Postgres → Iceberg → Doris: A Smooth Lakehouse Journey Powered by Olake
If you've been working with data lakes, you've probably felt the friction of keeping your analytics engine separate from your storage layer. With your data neatly sitting in Iceberg, the next challenge is querying it efficiently without moving it around.
That's a pretty fair reason to bring Doris in.
Building a modern data lakehouse shouldn't require stitching together a dozen tools or writing complex Spark jobs. In this guide, I'll show you how to create a complete, production-ready lakehouse architecture that:
- Captures real-time changes from PostgreSQL using CDC (Change Data Capture)

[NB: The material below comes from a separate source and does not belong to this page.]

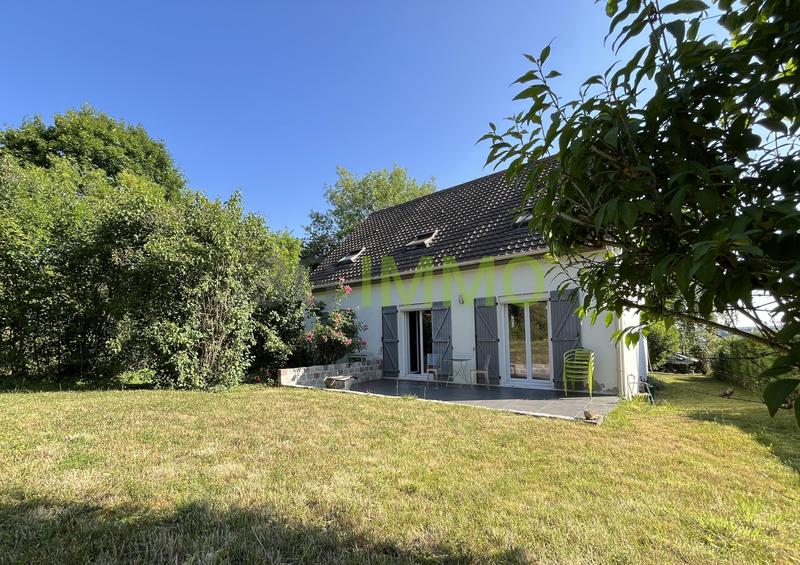 Maison traditionnelle - 130 m² - 8 pièces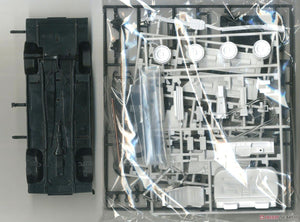 Aoshima 05915 Nissan P430 Cedric / Gloria 4HT 280E Brougham 82 1/24 – zdjęcie 4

- Stores data in open Apache Iceberg format on object storage
- Queries data at lightning speed with Apache Doris
- All orchestrated seamlessly by OLake
By the end, you'll have a running system that syncs database changes in real-time and lets you query — without moving or duplicating data.
So, what is Apache Doris?
Apache Doris is a real-time analytical database built on MPP (Massively Parallel Processing) architecture, designed to handle complex analytical queries at scale — often delivering sub-second query latency, even on large datasets.
Probably, too much of technical jargon, isn't it? Here is what it means in simple terms:
"A fast, intelligent query engine that lets you analyze your Iceberg tables directly, without having to move or duplicate your data anywhere else."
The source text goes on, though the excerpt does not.